-Re: Zookeeper protocol weirdness and pure Python kazoo client
Henry Robinson 2012-08-31, 00:10
On 30 August 2012 17:06, Ben Bangert <[EMAIL PROTECTED]> wrote:
> On Aug 30, 2012, at 4:50 PM, Michi Mutsuzaki <[EMAIL PROTECTED]>
> > I don't think there is an official spec beyond the zookeeper.jute
> > file. It would be very helpful if you can share what you have found
> > implementing your python client.
> The most interesting thing I found was that documented C/Java behavior
> isn't actually enforced beyond the client boundaries. For some reason I had
> expected the state transitions listed to be some limitation of the
> Zookeeper protocol itself. So it has had me curious about ways the client
> implementation itself could make using Zookeeper less error-prone, as
> Curator and Kazoo respectively try to make working with Zookeeper less
> error-prone in their languages. This is part of why I was baffled when an
> AUTH_FAILED resulted in connection termination, but not session expiration.
> In the case of kazoo, its now substantially easier to debug what is
> actually happening since its always within the bounds of Python.
> Reinstalling debug builds of the C lib and Python C binding got hairy, and
> still obfuscated a lot.
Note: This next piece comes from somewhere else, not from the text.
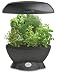 AeroGrow AeroGarden Space-Saver 6 with Gourmet Herb Seed Kit, Black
This made debugging the prior password mangling
> issue in the Python lib a major pain.
> I've found that the C lib seems like a bit of a second-class citizen for
> Zookeeper... the read-only feature has had patches submitted since 2010,
> which still aren't applied. The Python C binding also has multiple
> patches... not applied. We applied several of these to fix memory leaks and
> the password mangling to our zc-zookeeper-static Python lib, but after
> looking through all the remaining C lib bugs/patches and Python C
> bugs/patches, its way more than we want to deal with. C isn't my forte, and
> I'd much much rather debug Java code or read the Java client if I'm curious
> about how something is done, rather than deal with 2 layers of C code in
> addition to TCP and the Java server.
> Meanwhile, I can implement the new Zookeeper 3.4 methods after looking at
> the jute code in just minutes, and debugging a problem is trivial when its
> all Python code. Some people have mentioned that without the C os thread
> used by the C binding, its possible in heavy Python threading thrashes that
> a ping might not be sent... which is true, but the session timeout can be
> increased and thats a very small price to pay given the other things noted
> here with the C lib/binding.
> And of course, for other runtimes (Pypy) that can't run C extensions, the
> pure Python kazoo will now work.
FWIW, this is my only reservation about a pure Python client - there isn't
a spec, and three separate implementations that might have subtly different
behaviours can be a nightmare to maintain. Ben - if you're able to turn any
of your efforts towards documenting your observations about how the
protocol actually works, that would be awesome.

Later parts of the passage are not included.